(MATERIAL PROVIDED Opens)

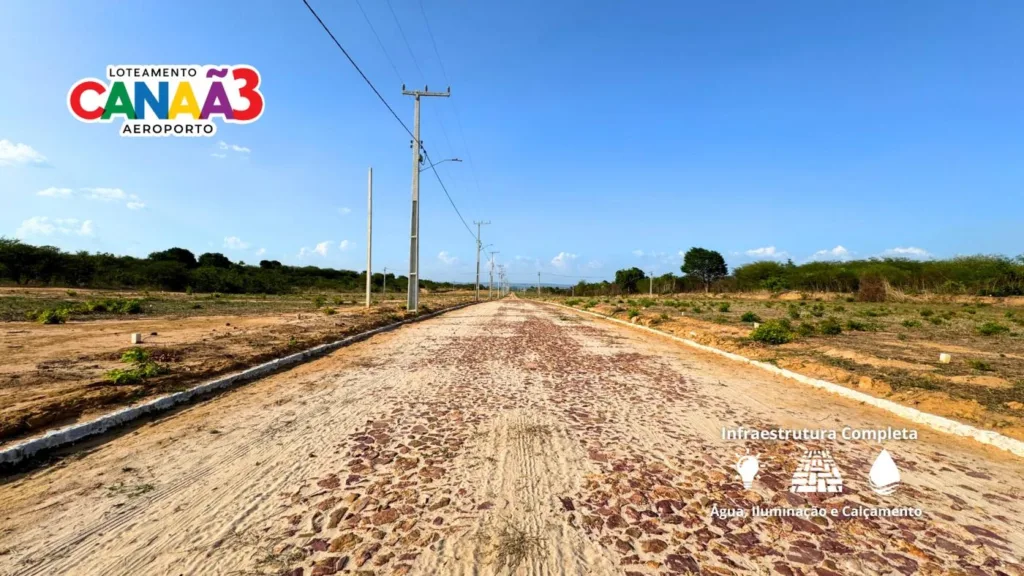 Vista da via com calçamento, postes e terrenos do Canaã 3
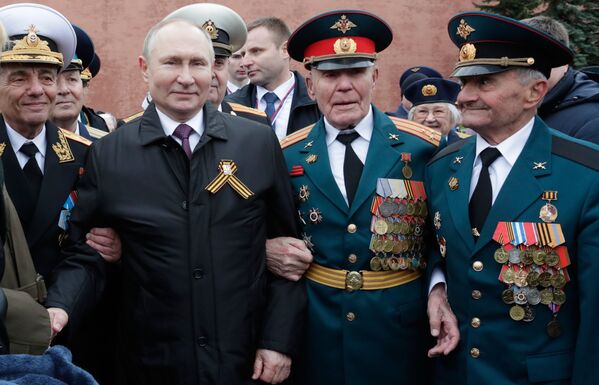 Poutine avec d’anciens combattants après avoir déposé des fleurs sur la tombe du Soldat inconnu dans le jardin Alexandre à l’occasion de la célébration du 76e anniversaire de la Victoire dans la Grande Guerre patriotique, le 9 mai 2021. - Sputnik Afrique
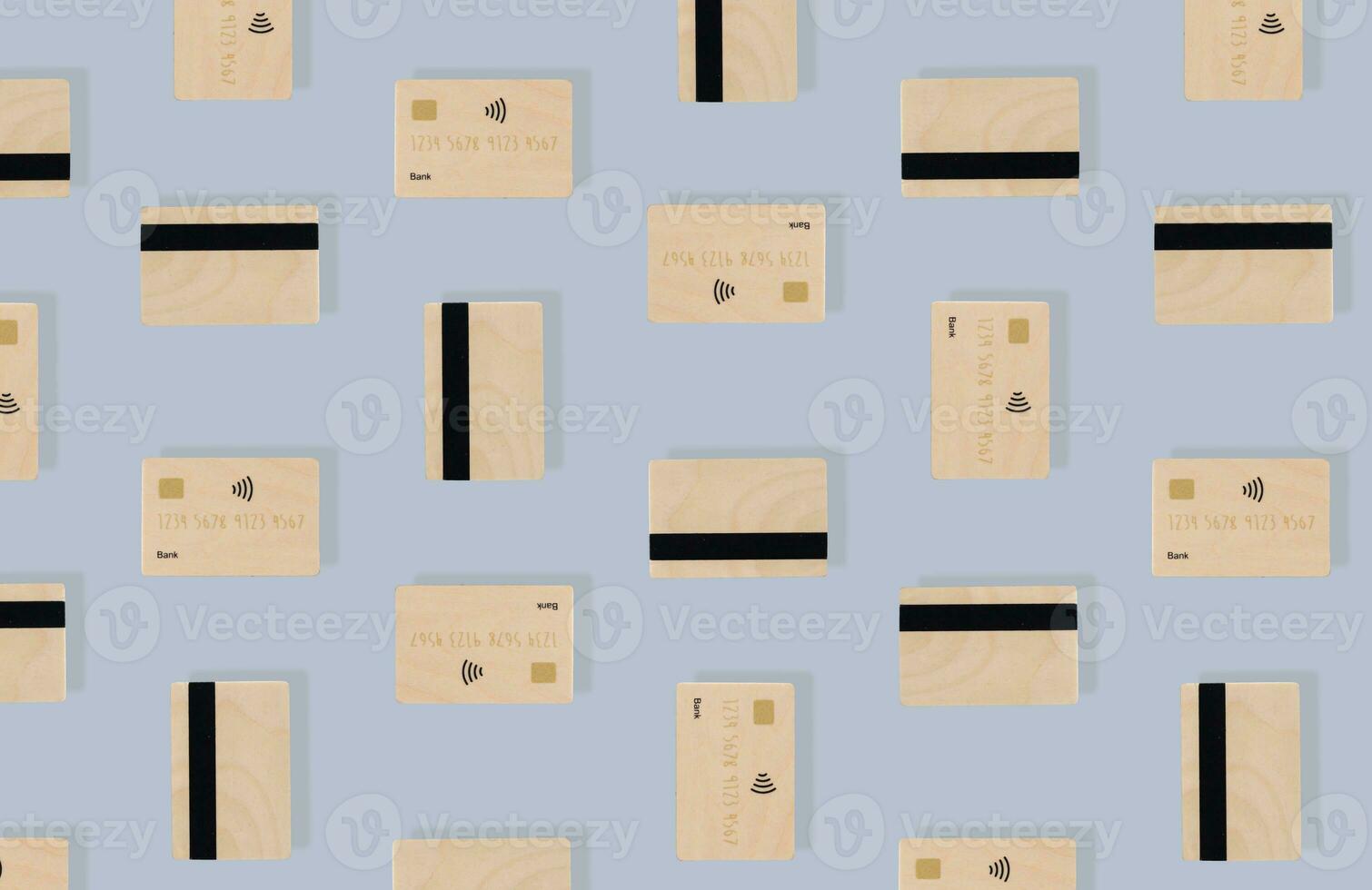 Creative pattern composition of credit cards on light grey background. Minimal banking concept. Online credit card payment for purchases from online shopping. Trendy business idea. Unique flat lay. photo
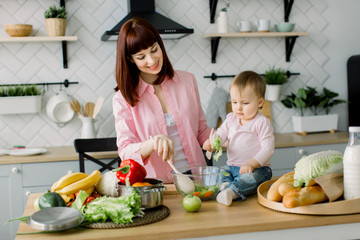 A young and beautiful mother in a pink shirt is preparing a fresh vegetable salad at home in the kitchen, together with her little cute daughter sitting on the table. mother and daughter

(MATERIAL PROVIDED Closes)
(MATERIAL PROVIDED Opens)

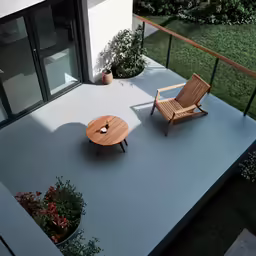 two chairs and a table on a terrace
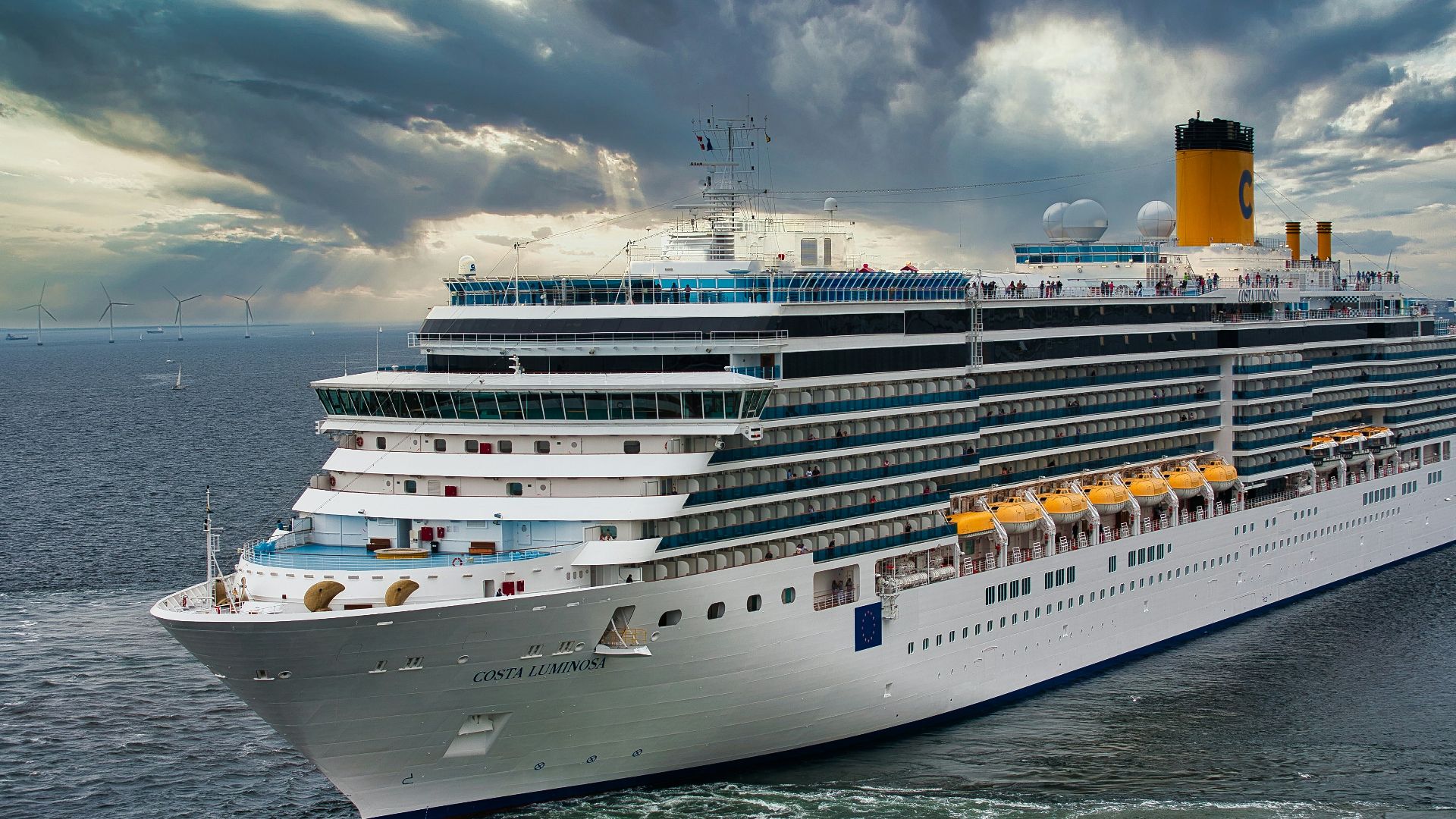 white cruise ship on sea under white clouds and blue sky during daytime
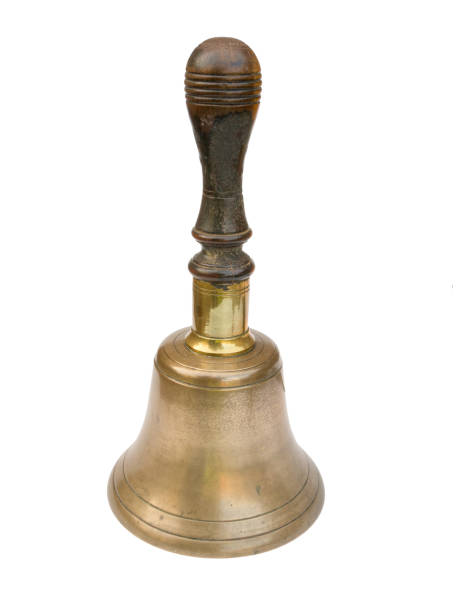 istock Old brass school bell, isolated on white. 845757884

(MATERIAL PROVIDED Closes)
(MATERIAL PROVIDED Opens)

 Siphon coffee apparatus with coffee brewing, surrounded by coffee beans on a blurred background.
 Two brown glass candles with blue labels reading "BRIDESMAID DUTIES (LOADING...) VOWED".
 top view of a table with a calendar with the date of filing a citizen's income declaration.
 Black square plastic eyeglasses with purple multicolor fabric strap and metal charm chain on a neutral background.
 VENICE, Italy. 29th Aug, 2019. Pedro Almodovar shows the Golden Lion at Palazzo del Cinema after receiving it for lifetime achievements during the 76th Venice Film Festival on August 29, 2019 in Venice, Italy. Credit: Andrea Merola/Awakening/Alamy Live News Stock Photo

(MATERIAL PROVIDED Closes)

| TASK TO COMPLETE |
Starting at the line above with "Vista da via", output every line exactly up to and including the line with "Poutine avec d’anciens", but none of the pictures.

| SOLUTION BELOW |
 Vista da via com calçamento, postes e terrenos do Canaã 3
 Poutine avec d’anciens combattants après avoir déposé des fleurs sur la tombe du Soldat inconnu dans le jardin Alexandre à l’occasion de la célébration du 76e anniversaire de la Victoire dans la Grande Guerre patriotique, le 9 mai 2021. - Sputnik Afrique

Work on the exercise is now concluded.